Counting Stick Conjectures
Counting Stick Conjectures
Have you ever seen a counting stick? You might have one in your classroom at school. Here is a photo of one:
What do you see?
What do you notice?
What would you like to ask?
Here is a simple picture of the counting stick:
How many rectangles can you see? (The rectangles may be different sizes.)
Once you've had a think about how many rectangles there might be, click below to see what Zoya thought.
Zoya says:
"I can see some small rectangles, which are either yellow or blue.
I can also see some bigger rectangles, made of two of the small ones. And some that are even bigger too.
I tried to count all the rectangles but I got very confused."
What might you suggest that would help Zoya?
Again, have a think and then click below to see what Max suggested.
Max says:
"Perhaps it would be easier if we started with a smaller counting stick.
We could try a counting stick with just two of the smallest rectangles, like this:
I think that has two small rectangles and one larger one, which makes three rectangles altogether.
Then we could try a counting stick with three smallest rectangles, like this:
This time I can see three very small rectangles, two blue and one yellow.
I can also see a rectangle which is made up of two of these small ones, which I've outlined in red:
And there's another one like this:
And then there is one large rectangle:
So, I think that makes six altogether.
If we do this a few more times with different sized sticks, perhaps we'll see a pattern."
Can you see how Max worked out the total number of rectangles each time?
Try out his suggestion. How many rectangles are there on a counting stick which is made up of four small squares? Five squares? Six...?
What do you notice? Can you see a pattern?
Is there a quick way to work out how many rectangles there would be, for a counting stick with 100 sections? Or 1000? Or...
How can you be sure that what you have noticed will always be true?
Mathematicians aren't usually satisfied with a few examples to convince themselves that something is always true.
Can you provide an argument that would convince mathematicians?
Why do this problem?
This task encourages learners to connect geometrical and numerical ideas, and not to be put-off if a problem seems unmanageable at first. In this case, simplifying the task, generating different examples and then looking for patterns will give children the opportunity to make conjectures and develop mathematical arguments to prove or disprove them.
Possible approach
This problem featured in an NRICH Primary webinar in March 2022.

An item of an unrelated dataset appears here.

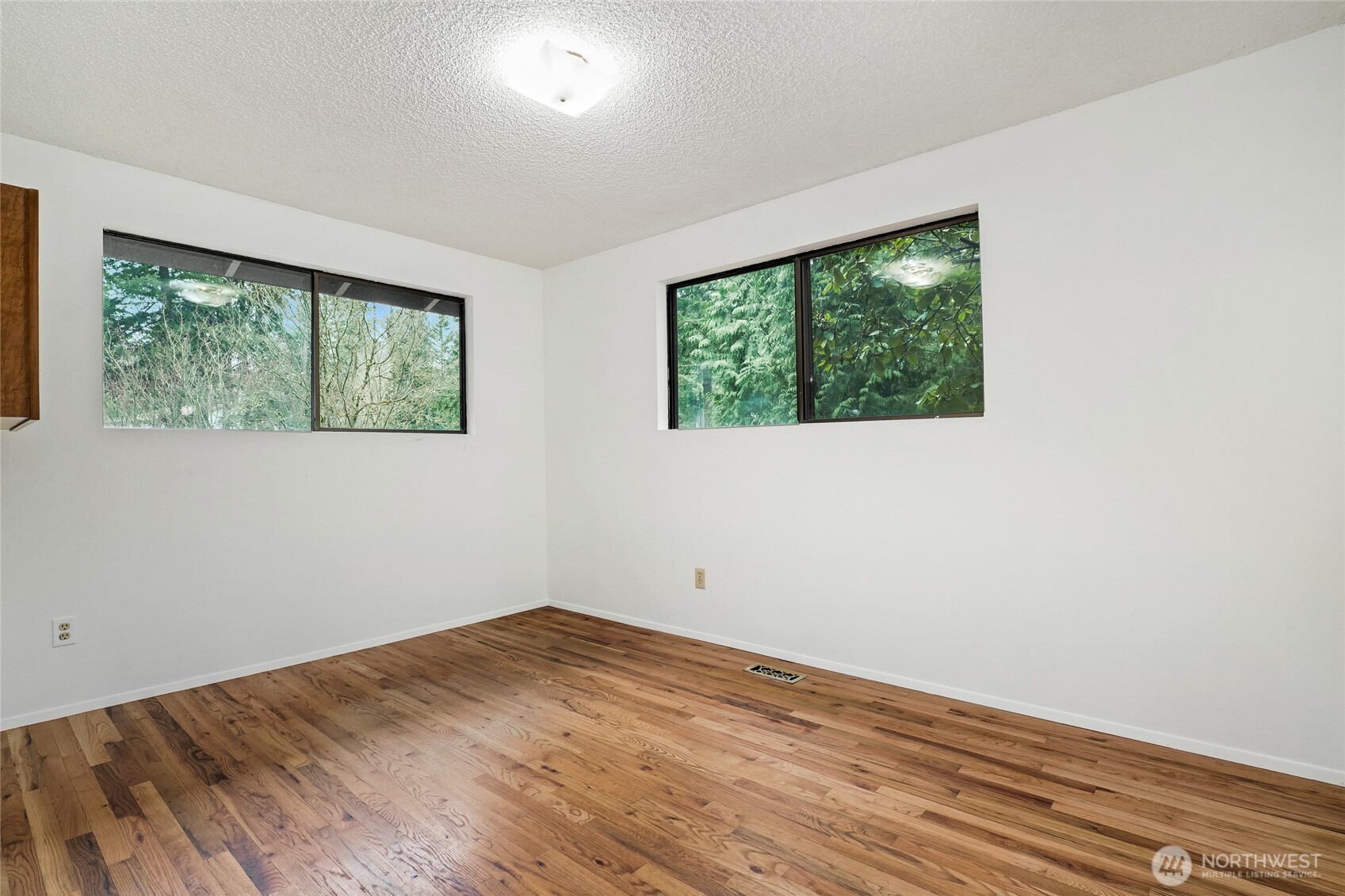 24705 SE 31st Place Sammamish WA 98075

If you have a counting stick, you could use it to introduce the task, but it is not essential. Whether using a real stick or the photograph, give the whole group time to talk in pairs about what they see and what they might like to ask. Gather everyone together to share some of their observations and their questions, encouraging learners themselves to respond to the ideas of others. Try to welcome all contributions, even those that seem less mathematical!
If it hasn't come up naturally, lead into the idea of the stick being made up of rectangles by showing the image of the whole stick in blue and yellow (as opposed to the photograph). Ask the group how many rectangles they can see, and give them time to talk in pairs. Draw out the idea that there are many differently sized rectangles represented in the image and then allow time for pairs to count the total number. They may like to keep track of their thinking on a whiteboard or on paper, and it might be helpful for pairs to have a print out of this sheet which contains several copies of the whole counting stick.
The intention here is that learners struggle to keep track. This is deliberate so don't leave them floundering for too long, instead draw everyone together and invite comments. Listen out for those who are trying to make sure they find all the rectangles, but who are perhaps struggling to work systematically. Ask the class what we can do about this. There seem to be so many rectangles...
The idea of simplifying a task may not be one that is familiar with your learners - it will depend on their experiences. You may like to reveal Max's suggestion on screen and read it out loud. Give everyone time to take in Max's strategy and encourage pupils to ask questions if they are not sure what Max means. You may like to distribute the work amongst the class so that some pairs work on sticks that are four small rectangles long, while others work on five/six. You can encourage pairs to check with another pair that they agree on the total before recording on the board for all to see. It may be useful to agree a common language for referring to the different sticks (e.g. a stick which is 1 long, or 2 long, meaning that it contains one very small rectangle or two very small rectangles).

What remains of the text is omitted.